Comment Re:blame vs. expected outcomes (Score 1) 479
As for apportionment of responsibility, I strongly agree that it's very important for social justice - but justice itself is largely irrelevant to eliminating social problems,
I completely disagree. To the contrary, I'd suggest that cultural acceptance of victim-blaming type mentalities rather tends to reinforce in the minds of wrongdoers that their active wrongdoing involves less culpability than it truly does. Consider the treatment of women in countries like the United States where formal legal equality is for the most part the norm, and where we at least pay lip service to the notion that women who go to certain places or dress a certain way aren't "asking" to be raped. Where we don't pretend that wearing the "wrong" clothing constitutes assumption of the risk, women's freedoms and movements are relatively less restricted by cultural convention. Conversely, in countries that adhere to religious norms holding women responsible for their rapists' behavior, unsurprisingly, we see that women are mistreated in countless other contexts as well, and that they "choose" greater restrictions to their own freedoms essentially out of a self-preservation instinct.
Victim blaming -- and the attendant conflation of the distinct concepts of foreseeability and causation -- normalizes the wrongdoers and puts the cultural onus on those at risk to engage in ultimately impotent behaviors to protect themselves. Why impotent? You yourself noted that some amount of wrongdoing is inevitable. But now, on top of the unfortunate fact of wrongdoing, we've also created a culture in which innocent people are expected (and thereby de facto required) to restrict their own lifestyles and behavior, because we have decided to hold people responsible for avoiding their own inevitable victimization -- rather than do our part, collectively, to minimize its occurrence, we've opted for the psychological narcotic of shifting blame from perpetrators to victims, in order to ease our own uncomfortable feelings of vulnerability.

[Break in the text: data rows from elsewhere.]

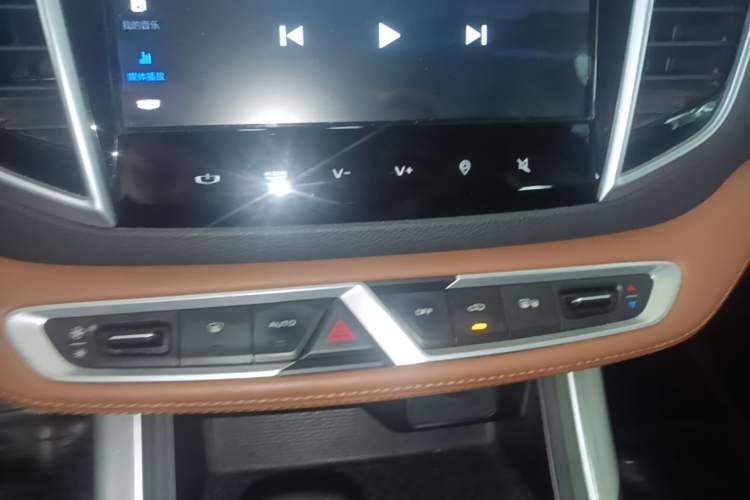 Used Geely Auto Vision X6 2018 1.4T CVT 4G Connected Flagship Edition Audio And AC Panel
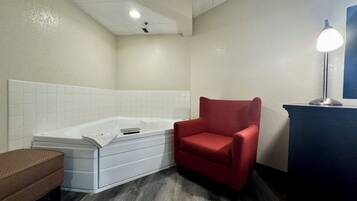 Een bureau, gratis wifi, beddengoed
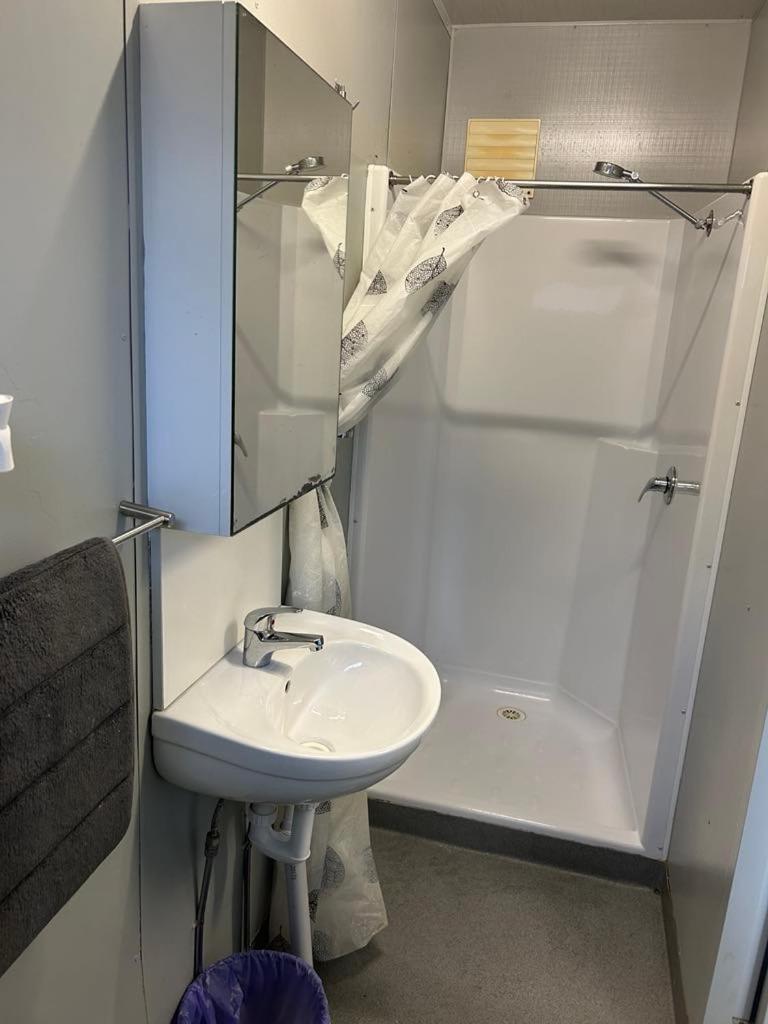 Gundiah Gundy Pub & Caravan Park מראה חיצוני תמונה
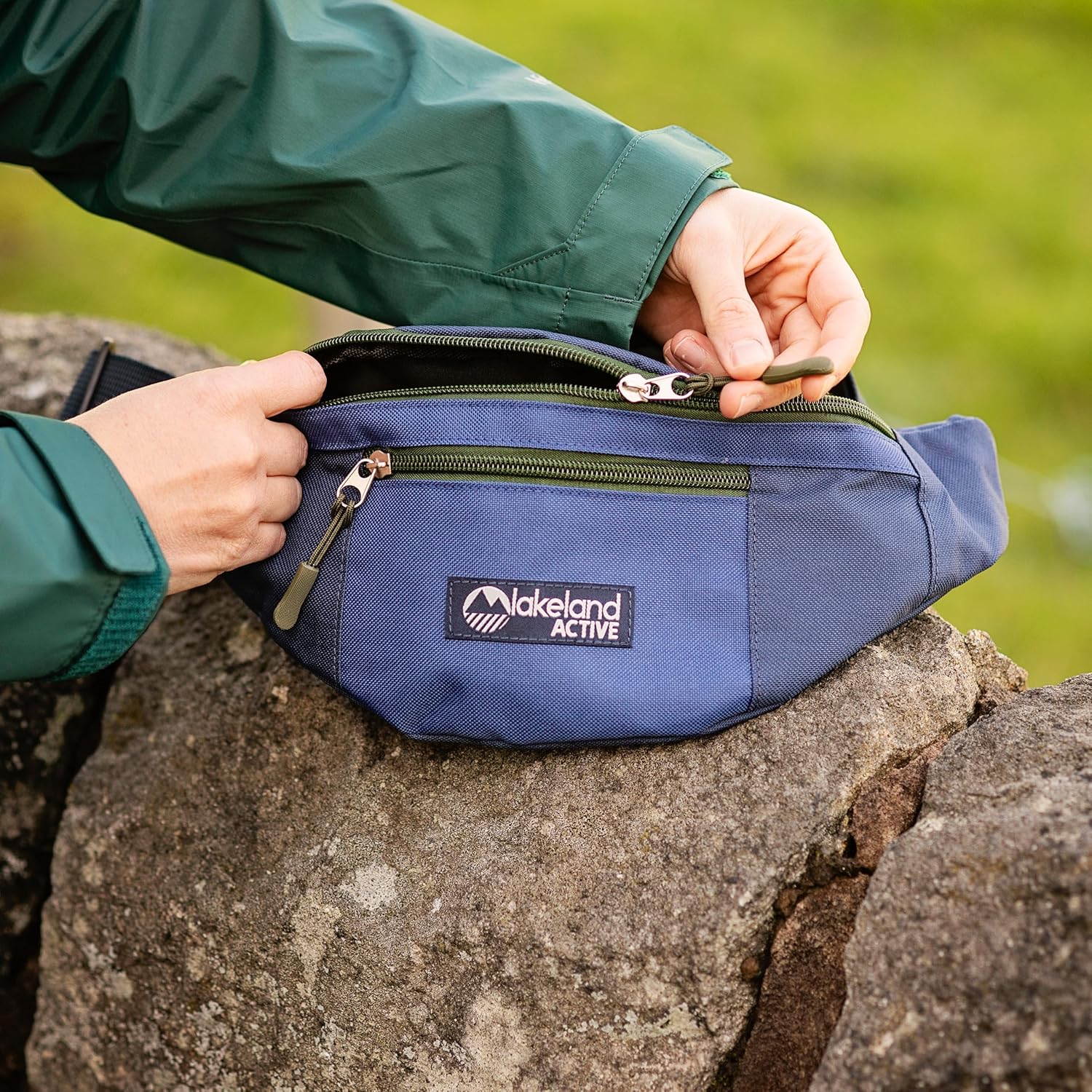 Detalle de Lakeland Active Mossband Lightweight Bum Bag - Navy/Blue/Green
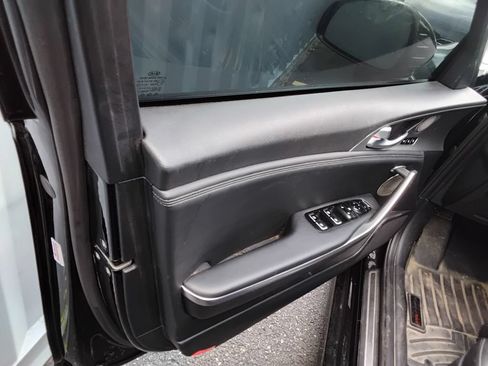 Used 2019 Kia Stinger GT2 image 9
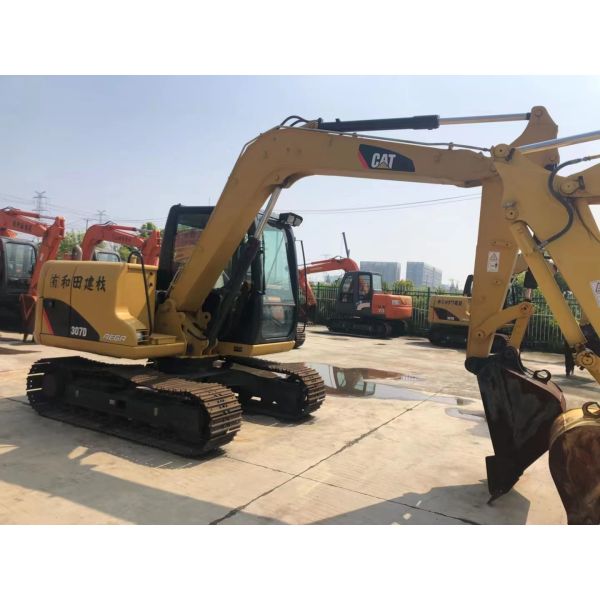 Upgrade Your Construction Equipment with a Used Cat Excavator 307D
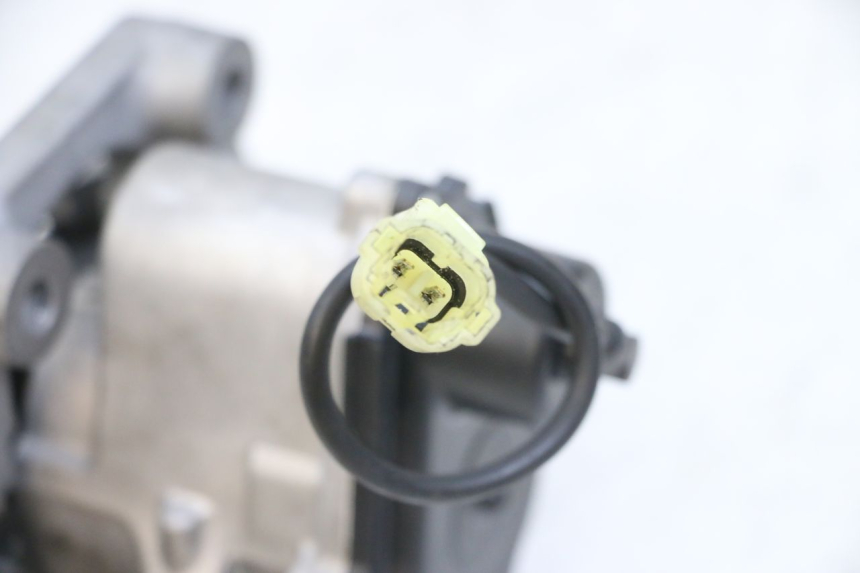 photo de ROLL LOCK MOTOR YAMAHA TRICITY 300 (2020 - 2024) - Andere kijkhoek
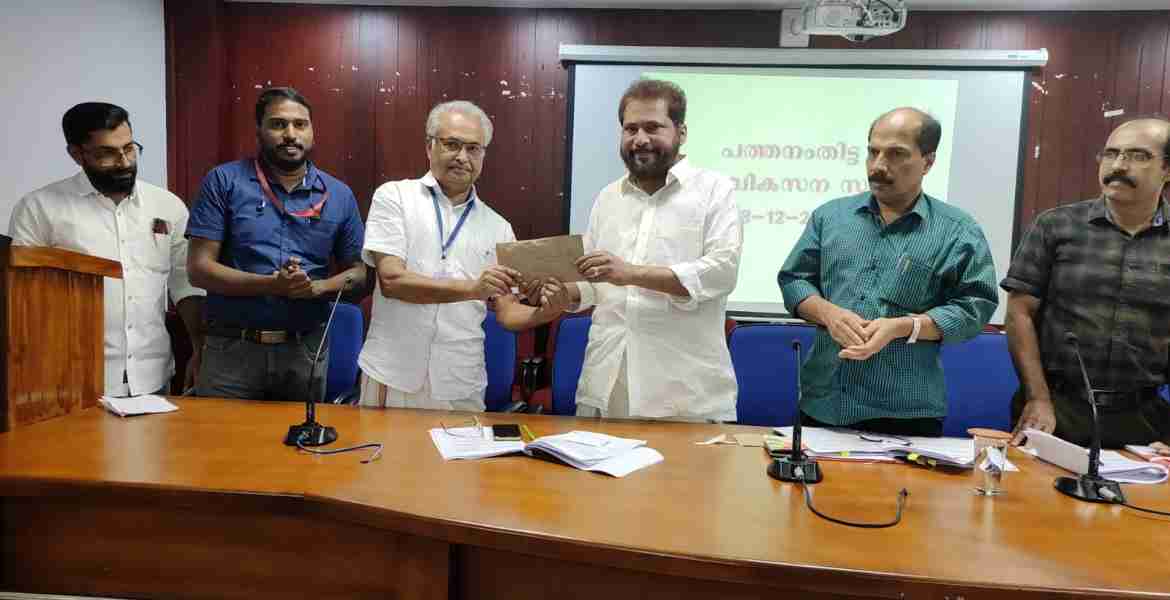  ശിശുക്ഷേമ സമിതിയുടെ ഓമല്ലൂര്‍ ഐമാലിയിലെ ശിശുക്ഷേമ കേന്ദ്രത്തിനു നല്‍കുന്നതിന് ഗ്രാമവികസന വകുപ്പ് ജീവനക്കാര്‍ സമാഹരിച്ച 51,000 രൂപ രാജു എബ്രഹാം എം.എല്‍.എ ശിശുക്ഷേമ കേന്ദ്രത്തിന്റെ ജില്ലാ ട്രഷറര്‍ ഭാസ്‌കരന്‍ നായര്‍ക്ക് കൈമാറുന്നു.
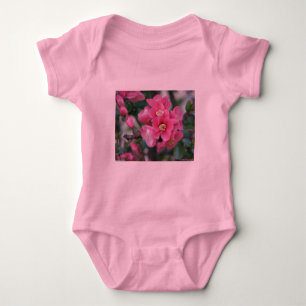 Frühling Rosa Blühende Zierquitte Baby Strampler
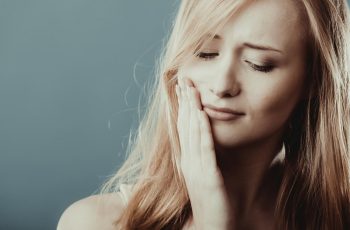 Dentes sensíveis: 4 dicas para evitar esse problema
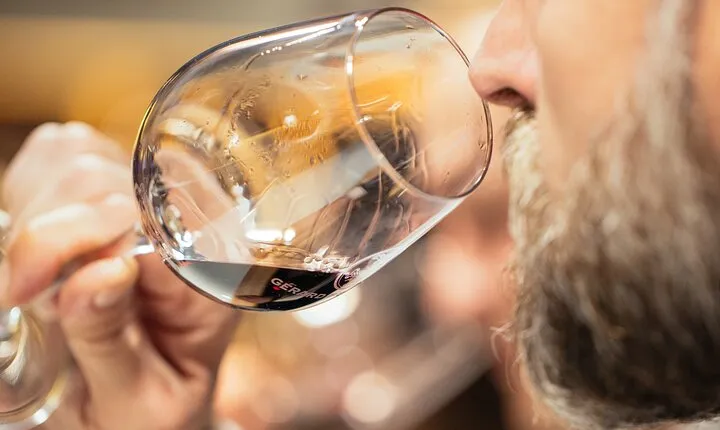 Discovery and Private Tasting of our Great Wines and Icons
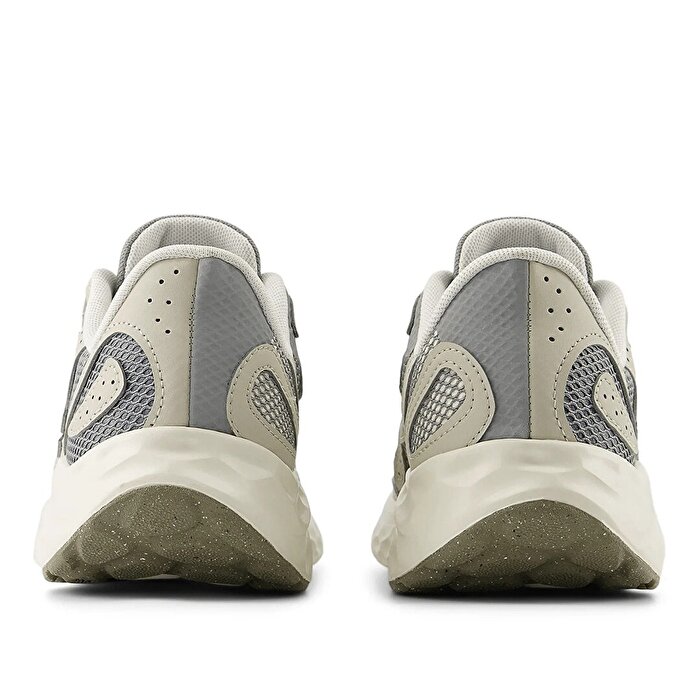 New Balance Fresh Foam Arishi V4 Tiralux Kadın Bej Koşu Ayakkabısı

There is little blame to be had by the woman assaulted while walking down the sidewalk in a well-to-do neighborhood, on the other hand if she makes a habit of strolling through dark alleys in a bad part of town without means of defense... As horrible as it feels to say so, there is a certain element of reaping what you sow. That is not to say that the assailant shouldn't still be punished just as hard as if they had assaulted her in a full church or something, but *she* bears an additional level of responsibility for the event as well, and loses much of her claim to sympathy from society as a result.
Even leaving untouched the host of unpalatable classist implications in your comment, exactly what has the second woman "sown"? And why on earth would you deem her undeserving of sympathy? Have you never done something unsafe in your life? And don't play the "I'd accept it if something unspeakable happened to me" card, because it's the rhetorical equivalent of a null hypothesis put forth as an affirmative factual statement in the absence of usable data.
If you've done something unsafe, unless you're an extremely irrational person (and if you are, there's no point in trying to have a discussion with you anyway), you did that unsafe thing because you performed a risk calculation in your head and concluded that the risk of [bad thing] occurring was sufficiently low as not to override the value to you of doing [unsafe thing]. Thus, you're in essence suggesting that, instead of encouraging us all to behave as rational actors, our culture ought instead to inculcate a fear of shame to override our rational impulses when the risk of certain kinds of victimization are thrown into the calculus. Why would you prefer to live in a society in which people make decisions based primarily on fear instead of logic?